The ‘dueusions’ appear to have been divisions of common land and the first known as Wether Laiers was north west of the village between Rounde Hill and Sleddale. The second was an area between Sneuerdale and Lymperdale ending at the ‘way from Cockwath Gate’, the third ‘lying east of Cockwath Lane’ was south of the ‘place where they washe the shepe’ and the fowerth was between Cairedale [now Caydale] Mill and the Cowe Pasture north of the village. All these ‘deuesions’ later became part of individual farms.
BOUNDARY PERAMBULATION OF 1650
As records of baptisms in the Old Byland registers only commence in 1645 and there are no earlier tenancy records we have to rely on the following listing of men who took part in a boundary perambulation in 1650 as a guide to the tenancies of the middle of the 17th century
Roger Abram
George Belwood
John Belwood
John Butterie
John Butterie
John Butterie
Roger Butterie
William Butterie
Thomas Day
Anthony Flintoft
John Lumley
John Rowland
William Rowland
Bryan Storye
John Storye
Thomas Storye
John Walton
Chfr Webster
Roger Webster
John Williamson
As 32 people paid Poll Tax in 1377 and two of the names of 1650 are unreadable, the same number of men joined the perambulation which suggests that the population of Old Byland hardly changed in the space of 273 years.

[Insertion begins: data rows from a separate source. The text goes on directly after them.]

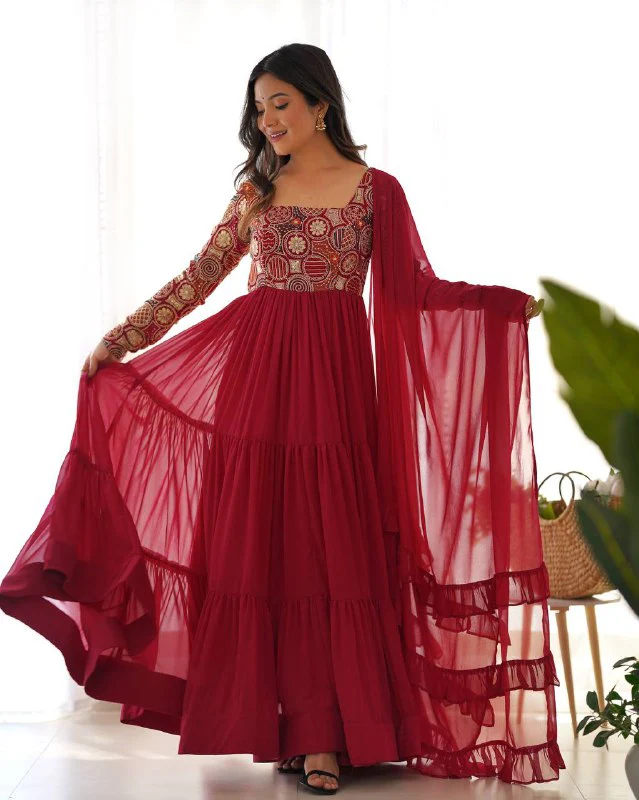 Timeless Beauty in Flowy Red Attire - Image 5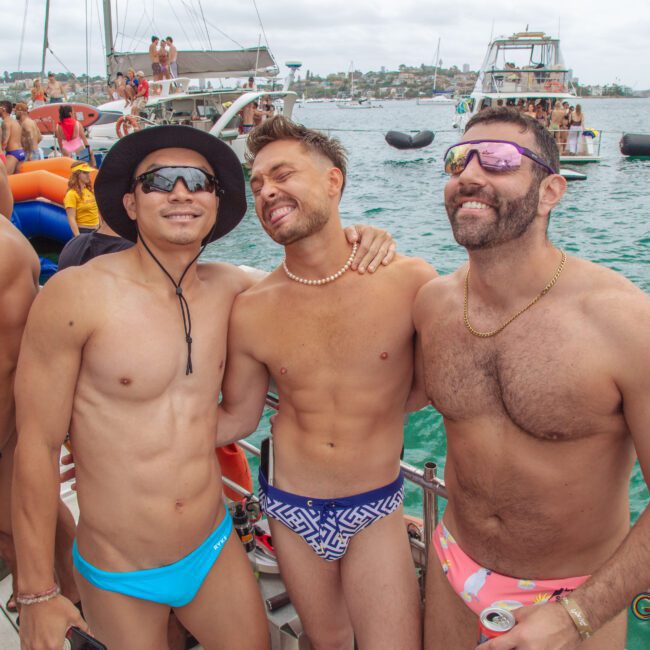 Three men in colorful swimwear smile and pose together on a boat during a lively party on the water, with other people, boats, and cityscape visible in the background.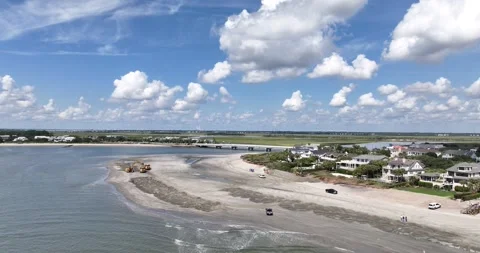 Sand dune replenishment to protect expensive beachfront homes from storm surge 動画素材 254798401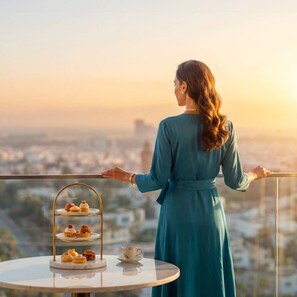 Una persona está de pie en un balcón con vistas a una ciudad, con un soporte escalonado para postres y una taza sobre una mesa.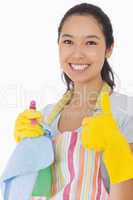Smiling woman with cleaning products giving thumbs up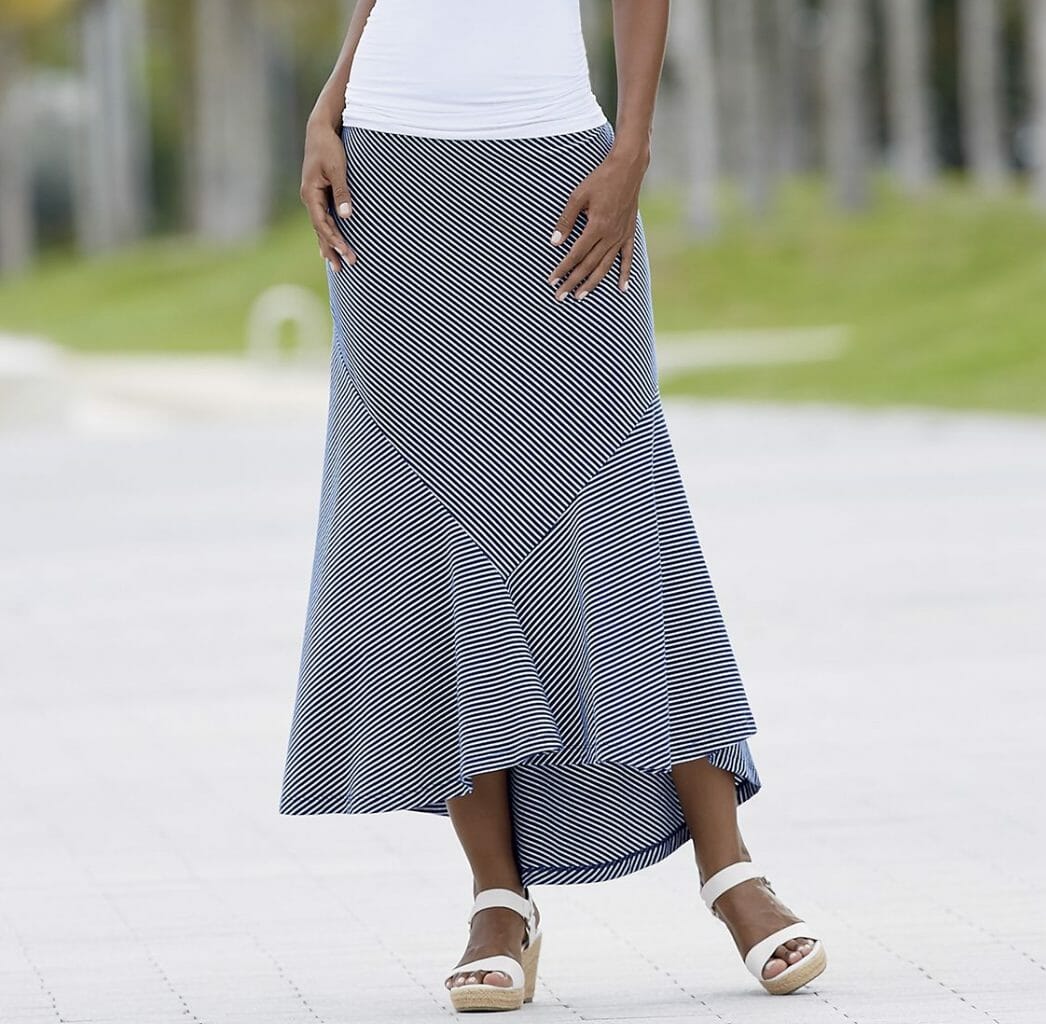 Soft, 3-paneled skirt with a fishtail hem creates graceful shape and flare. Elastic waist; 37" l. Cotton; machine wash. Imported. Available only in Blue/White.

Bryan, John and Thomas Storye are thought to have been descendants of Thomas Storye whose ground was listed in the Saxton survey and George and John Belwood were descendants of John Belwood who was the Old Byland miller in 1538.
As no early baptism records have survived it is not possible to know when the Abram, Halliday and Hornby families arrived in Old Byland but if 1650 is taken as a datum line the Abrams were to live there for another 175 years, the Hallidays for 185 and the Hornbys for over 250.